Resolve Optics provides optical systems for surveillance, where the optical system monitors the outside of the spacecraft, looking for any signs of damage caused by space debris or micro meteorites.
Inspection, where the optical system is required to view a specific area to aid operation, is part of a vision system that is used to guide and dock payload craft visiting platforms, such as the International Space Station. Remote sensing from satellites, where powerful, high resolution lenses enable the Earth to be viewed from space, provide valuable data on weather patterns and the impact of climate change.
Many different types of optical imaging and sensing systems are used today to observe and measure the Earth and the universe at large. However, designing optical systems for satellites and spacecraft is challenging, due to the harsh conditions that space places upon components and systems working in this remote environment.

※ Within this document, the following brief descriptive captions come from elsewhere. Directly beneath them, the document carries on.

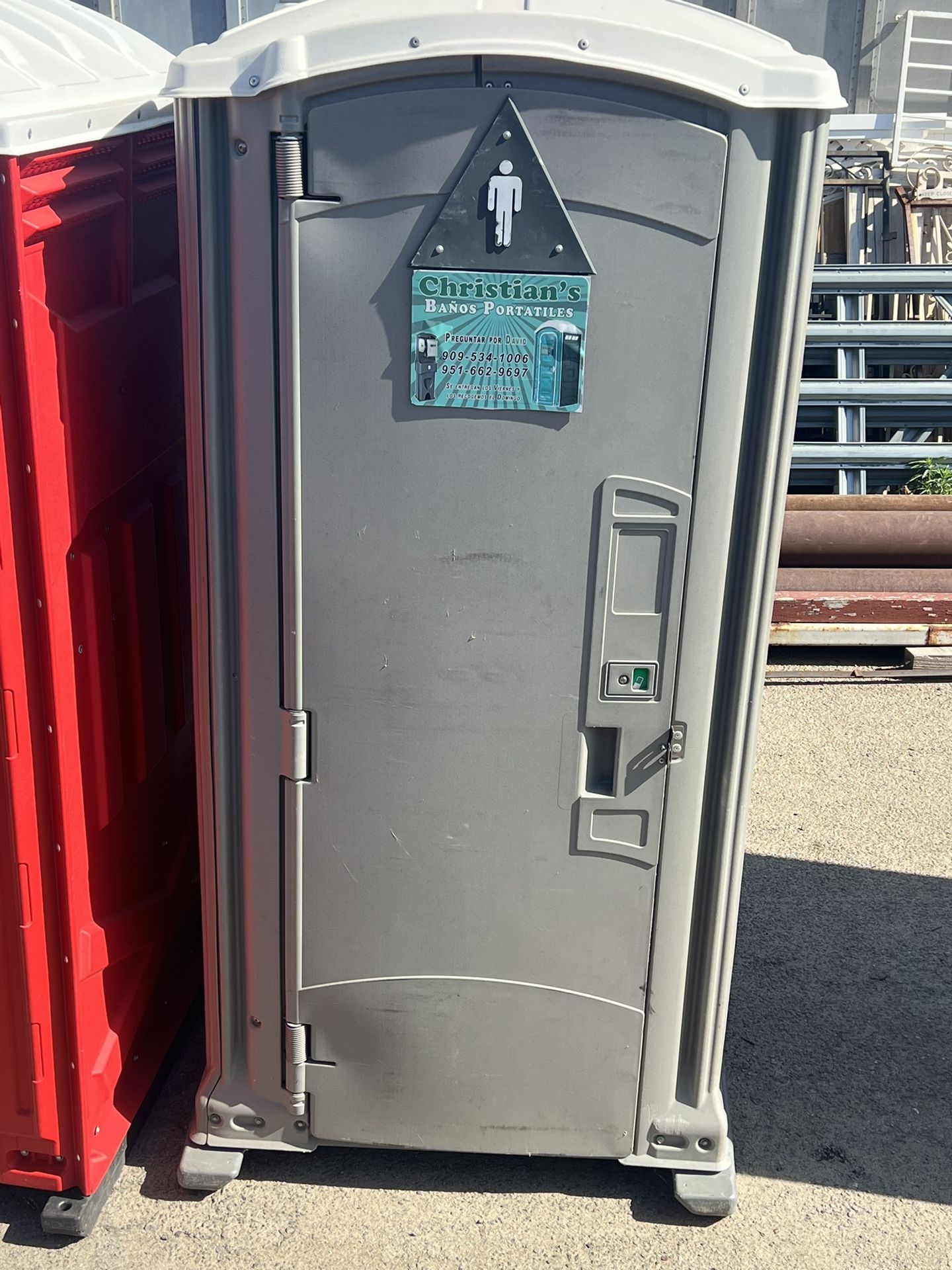 Portable Restrooms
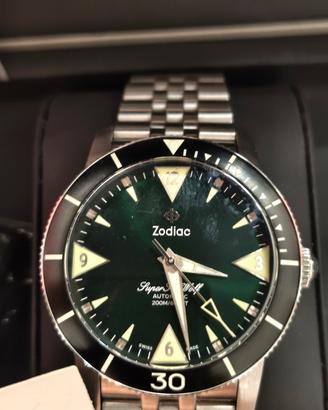 Zodiac Super Seawolf Diver Automatic Fullset 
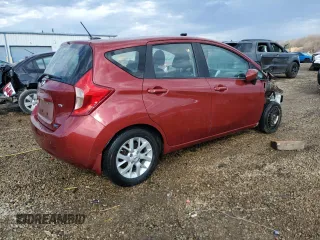 2016 Nissan Note SV with VIN 3N1CE2CP7GL376715, listed as a Copart auction lot 51152305 with 24,870 mi miles and Salvage Title. Bid and sale history available at DreamBid. Image 3.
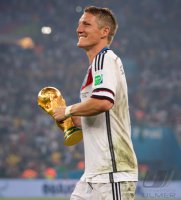 FUSSBALL WM 2014, FINALE: JUBEL Deutschland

Mark Pontin, Managing Director of Resolve Optics Ltd., said that designing high performance optical systems for confidential space projects is something the company has done for more than 20 years. Lenses that are used in space applications have to meet certain basic requirements to survive the harsh environment of space. Lenses must be constructed of specific materials that will not outgas when exposed to the vacuum of space — all significant air spaces should be vented to avoid pressure on the elements and distortion of the lens. All materials directly down to glues and greases must be approved and tested for outgasing. The orbit that the firm's optical systems will be operating in determines how much radiation they will be required to withstand. All optical elements within Resolve Optics radiation tolerant lens designs are made using cerium oxide doped glass or synthetic silica enabling them to withstand radiation doses of up to 100,000,000 rads and temperatures up to 55 degrees C without discoloration or degradation of performance. These non browning lenses provide high image resolution and minimum geometric distortion from 400 to 750nm.